Auparavant, dans cette épître, Paul examine la question de l'entrée dans le processus du salut, et à partir de 9 il réfléchit au destin d'Israël, c'est-à-dire à la cohérence du dessein de Dieu.
b) L'ampleur des questions abordés en Romains permet à Paul de modifier le levier de son argumentation. En Galates c'était la liberté chrétienne qui lui permettait de progresser dans son raisonnement (voir Ga 2,4). Dans Romains la question de l'entrée des païens et des Juifs dans le processus du salut l'amène à mettre en valeur la gratuité de la justification. Ce thème de la gratuité va servir alors de clef pour développer l'argumentation concernant la vie chrétienne.

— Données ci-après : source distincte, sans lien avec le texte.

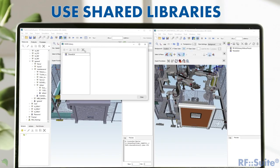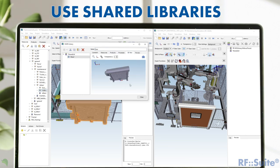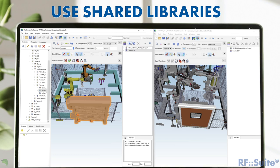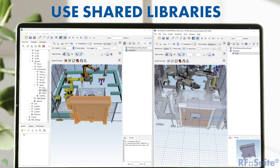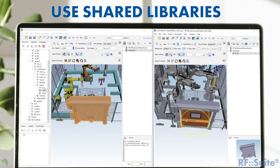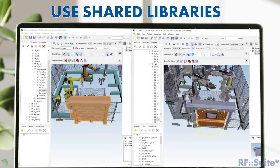A long-awaited feature is the library function in RFMS. With the current release, this is now possible. The RFMS library function can be used to build up a new project by just using the models of the library via drag and drop. Another big advantage is the sharing of customized models in between different projects as a shared library, as seen here.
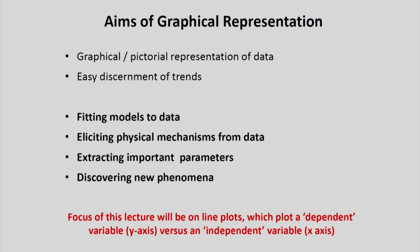The aim of graphical representation, for example in plots or graphs, is that it gives you a pictorial representation of the data, which is always very useful. It also allows you to discern the trends of the data — how things are varying as one variable changes and how the other variable changes — much more easily than if you have it in a table form. What I would really like to emphasize is how do you fit models to the data, and how do you extract out useful physical mechanisms from the data that you have.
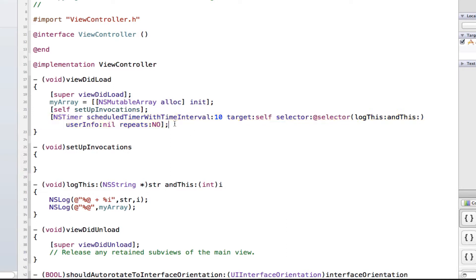This is just a little example to show you what we'll be fixing today. I want to call my method 'logThis' every 10 seconds, but the problem is I can't actually pass any parameters into this logThis method. So what we're going to learn is how to use NSInvocation to overcome this problem and actually log every 10 seconds while also passing parameters into it.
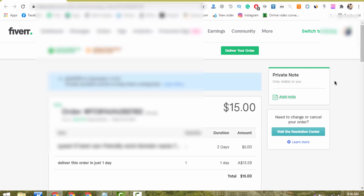Hello guys, here is my $15 order on Fiverr. Today in my video I am going to show you how I deliver this order on a live screen in just 2 minutes. Yes guys, you heard right. I will deliver this $15 order in just 2 minutes on a live screen with proof. I will set a 2-minute timer and deliver this order live so you can follow this method and start making $15 over and over again from Fiverr. It's just a copy and paste method. Let's get started.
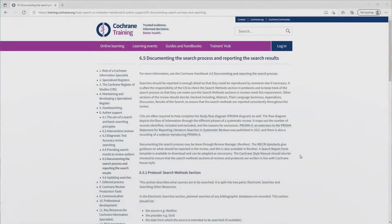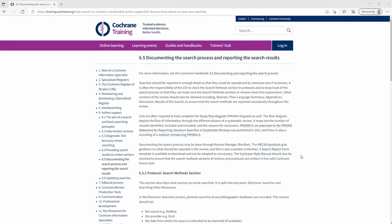One of the key distinguishing features of a systematic review is the need for transparency and reproducibility. All aspects of the process need to be documented as precisely as possible. The search is no exception to that — in fact, it's one area where documentation is especially important.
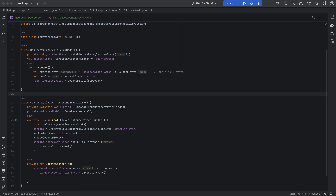Key questions arise: where does the state come from — that is the source of truth? Who controls the data for each UI element — that is the owner? And who updates the data when things change — that is the updater. So who owns the data, the source of truth? Where does the data come from? Who controls the data, the owner? And who updates the data, the updater?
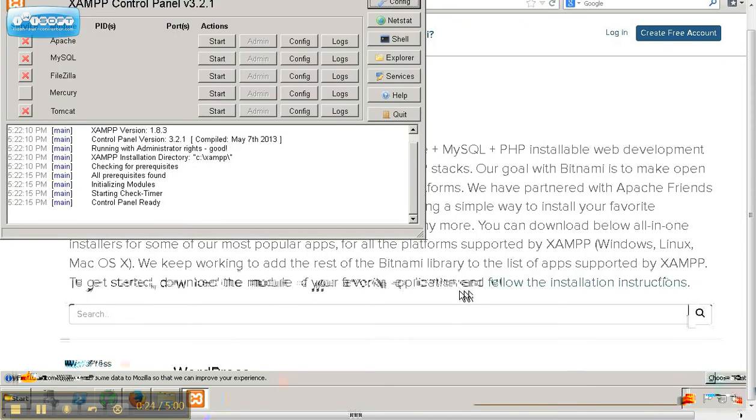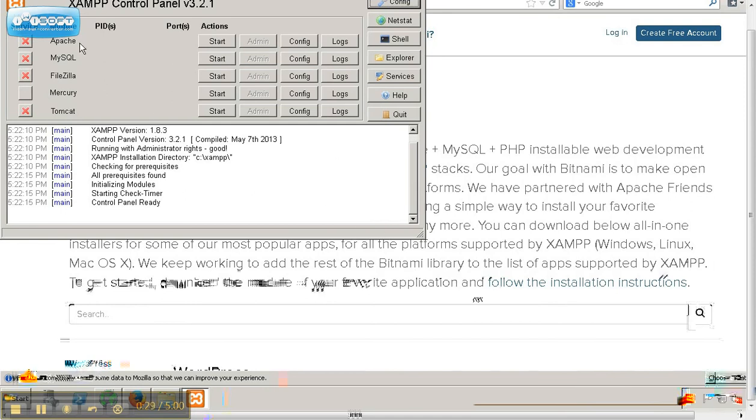Once XAMPP is installed, you will notice we have Apache and MySQL here. We're going to hit Start.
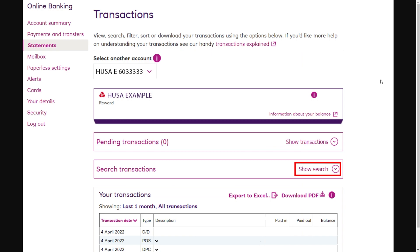From there you'll be taken to a page like this where you can see all your transactions. Just to the right of where it says your transactions, you can export all of these to Excel or download them via PDF. Choose one of those options depending on what you're actually using it for, but if you're just trying to get a PDF copy of your bank statement, I'd suggest choosing download PDF.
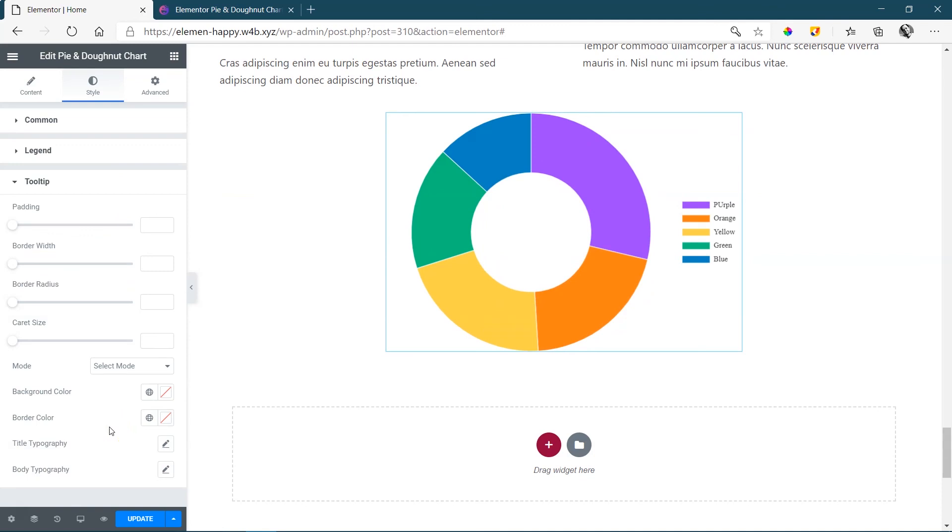Learn more about Happy Add-ons for Elementor. That's both for the free and pro Elementor. Follow the link in the description below.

Les deux épîtres se rejoignent quand il s'agit de critiquer la prétention théologique de la Loi à donner la vie. Paul dans l'épître aux Galates met en opposition le régime de la Loi et le régime de la foi. L'argumentation, parfois rabbinique et plus ou moins convaincante pour nos esprits occidentaux, ne laisse place à aucun doute sur cette opposition sans compromis. Parmi les divers motifs présentés, un paraît plus fondamental, encore faut-il bien le comprendre. En Galates 3,12 Paul cite Lévitique 18,5, texte sur lequel il s'appuiera encore en Romains 10,5 : "Celui qui pratique les préceptes de la Loi vivra par eux" ho poièsas auta zèsetai en autois ce qui correspond au texte massorétique ya'asèh 'otâm hâ'âdâm wâhay bahèm. Comprenons bien que dans la pratique de la Loi conçue comme un moyen de parvenir à la justification Paul ne dénonce pas un orgueil moral, mais un orgueil théologique, ce qui est bien différent. Cette pratique peut s'accompagner d'un grand élan d'amour et de reconnaissance pour le Seigneur qui dans sa miséricorde a donné à Israël ce moyen de lui être fidèle. Cependant pratiquer la Loi et penser que par là on puisse atteindre la Vie, voilà l'illusion que Paul dénonce. Dans cette perspective il ne s'agit pas seulement de repousser les lois cérémonielles, les excès juridiques, les préceptes alimentaires ; c'est toute la Loi, c'est toute loi, même celle qu'on pourrait à tort appeler la loi évangélique, qui se trouve condamnée. En effet, l'homme ne se sauve pas lui-même en pratiquant la Loi, il est sauvé gratuitement par Dieu en Jésus Christ qui révèle cette gratuité et offre ce don.